Friday, October 17, 2008
In other words, the exhortations of government officials and elected officials are merely cosmetic, a charade designed to conceal one of the great thefts in world financial history. No doubt when the funds are gone, we will be treated to something similar to Captain Renault's cynically shouted justification to shut down Rick Blaine's club in Casablanca, paraphrased to conform to the circumstances: I'm shocked, shocked that the banks pocketed the money.
Since mid-2007, when the credit crisis erupted, the country’s nine largest banks have written down the value of their troubled assets by a combined $323 billion. With a recession looming, the pain is unlikely to end there. The problems that began with home mortgages, analysts say, are migrating to auto, credit card and commercial real estate loans.

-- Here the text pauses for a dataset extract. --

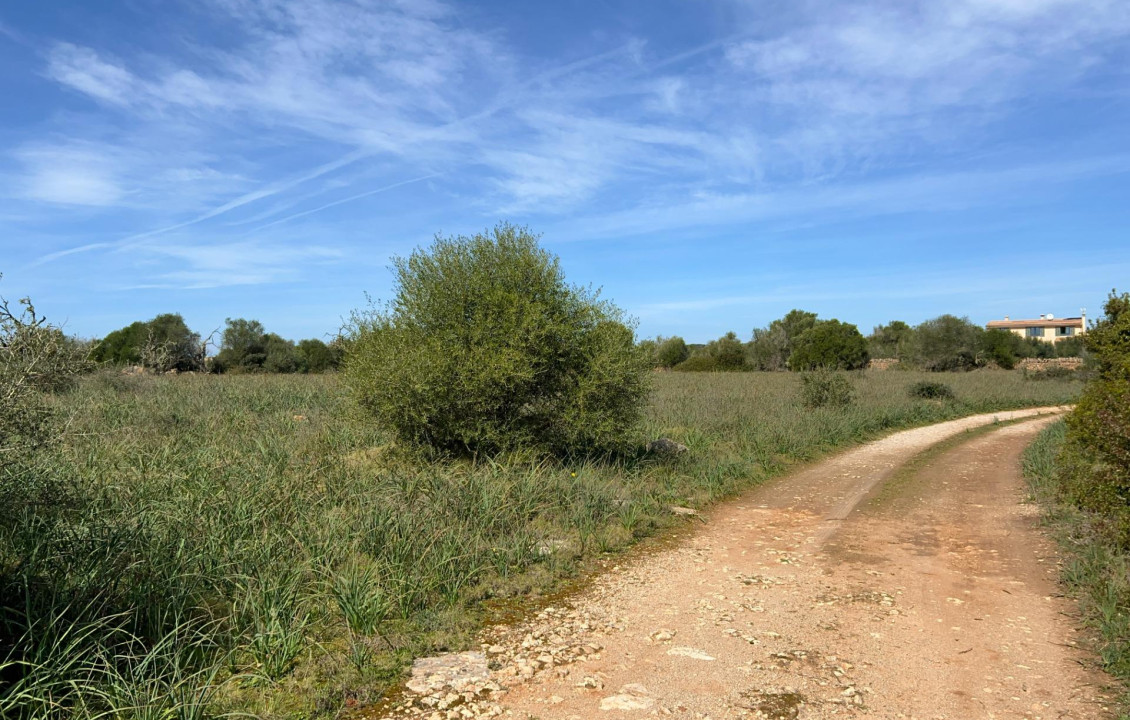 Venta - Fincas y solares - Ses Salines - poligono 6 parcelo 527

The deepening red ink underscores a crucial question about the government’s plan: Will lenders deploy their new-found capital quickly, as the Treasury hopes, and unlock the flow of credit through the economy? Or will they hoard the money to protect themselves?
John A. Thain, the chief executive of Merrill Lynch, said on Thursday that banks were unlikely to act swiftly. Executives at other banks privately expressed a similar view.
“We will have the opportunity to redeploy that,” Mr. Thain said of the new capital on a telephone call with analysts. “But at least for the next quarter, it’s just going to be a cushion."
Granted, the banks are in a deep hole. For every dollar the banks earned during the industry’s most prosperous years, they have now wiped out $1.06.
Even with the capital from the government, analysts say, the banking industry still needs to raise around $275 billion in light of the looming losses.
But Treasury Secretary Henry M. Paulson Jr. is urging them to use their new capital soon. On Monday, Mr. Paulson unveiled plans to provide $125 billion to nine banks on terms that were more favorable than they would have received in the marketplace. The government, however, has offered no written requirements about how or when the banks must use the money.
“There is no express statutory requirement that says you must make this amount of loans,” said John C. Dugan, the comptroller of the currency. “But the economics work so that it is in their interest to do so.”
Mr. Dugan added that he would not examine how the banks used the money, but he said their actions would “be open to the court of public opinion.”
The willingness of bank managers to speak candidly about their true intentions reveals a confidence based upon an unassailable control of the US political system. It has been left to fiscally conservative budget hawks to summarize what has transpired:
Stiglitz has again exposed the corruption of the enterprise:
“It is the government’s responsibility to set the terms and conditions on this money,” said David M. Walker, the former federal comptroller general and now president of the Peter G. Peterson Foundation. “This is the people’s money. They’re giving it out with no rules.”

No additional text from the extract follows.